I was up on New Year’s morning, changing copyright dates on websites before noon.
Yes, I am anal retentive, an anal-retentive web master, and I know when to use a hyphen.
I am also evangelical about making websites look fresh.
You don’t have to compete with me on editing your website before noon on January 1st. But, please consider these two compelling reasons to do a January cleaning of your site:
- Your potential clients want to know that what they’re reading is current.
Most Internet visitors get queasy when they see “Happy Holidays” in February or “Enjoy Your Summer Vacation” in October. The unease turns to nausea in May and December.
When I see a copyright date on a site that is years old, I personally wonder if the business is still active and if the information I am reading is still valid. Intellectually I may know that the directions to a business would not have changed in the past three years. Still, if the “Find Us” page is dated 2009, a powerful, if irrational, warning trips in my animal brain. I want to flee to a safer, newer place.
- Google ranks pages with fresh content more highly than static pages.

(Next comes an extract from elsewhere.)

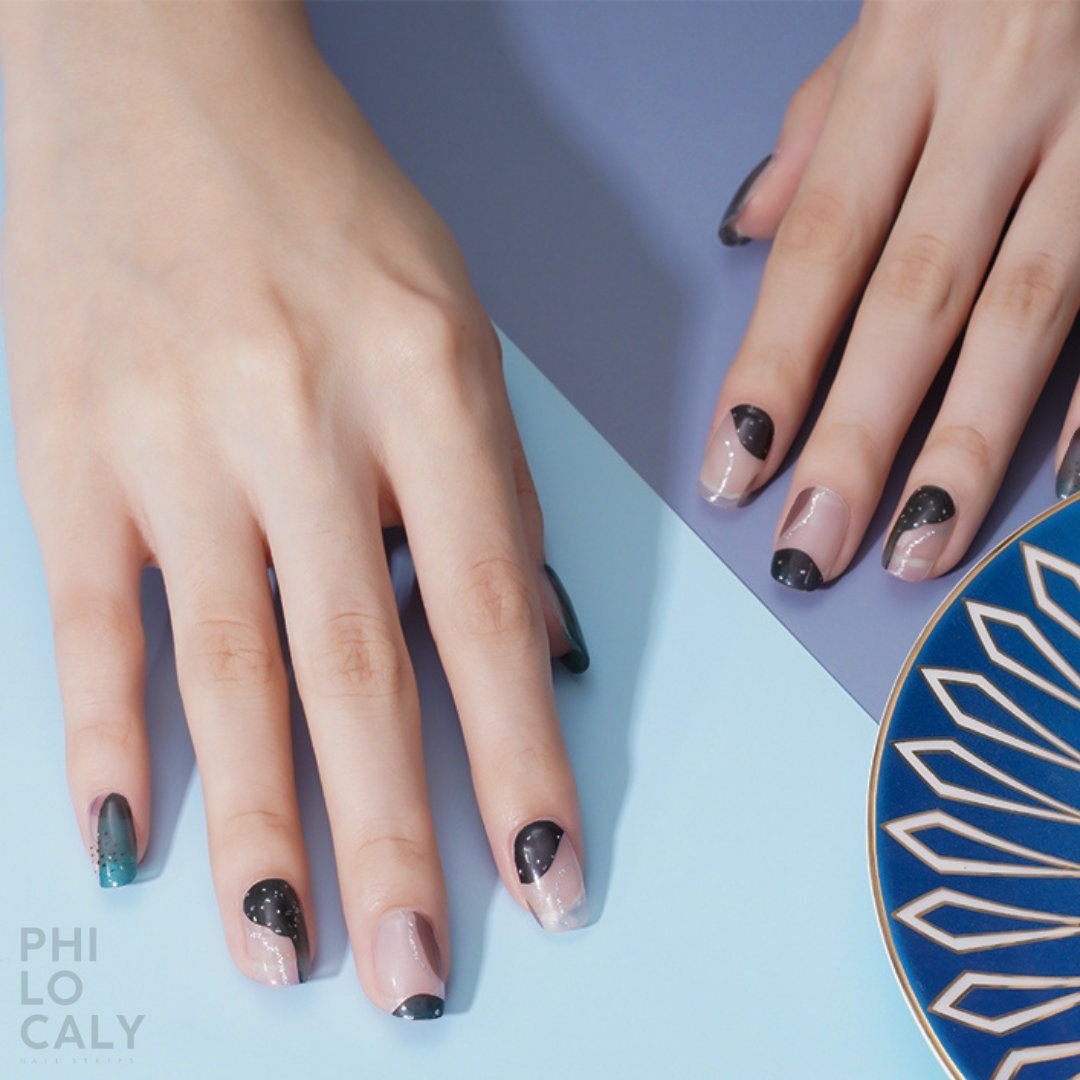 Abstrakte Nagelstreifen Schwarze, Blaue Und Glitzer-Nail-Wraps von Etsy - PhilocalyNailStrips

When Google crawls your site it finds out the date each page was last updated. It uses the modification date to give an extra boost to pages that were recently changed. Editing the visible copyright date on each page will make Google think that the pages are recently changed and deserving of extra attention.
If you find yourself getting into the freshening-up mode, here are a couple more tips to keep your site looking evergreen:
- Only date material – even customer testimonials or company news – when you are anal-retentively committed to changing the information frequently. When the website includes praise from a client dated January 1, 2011, by January 1, 2012 it looks like you haven’t satisfied a customer in over a year.
- Remove any “Last Updated” notices on your web pages. That type of bragging was automatically added to pages using older HTML authoring tools like FrontPage, but those statements are no longer in style.When the page was last updated yesterday, those messages look great. But, the whole page looks suspect when the date posted is a couple years in the past.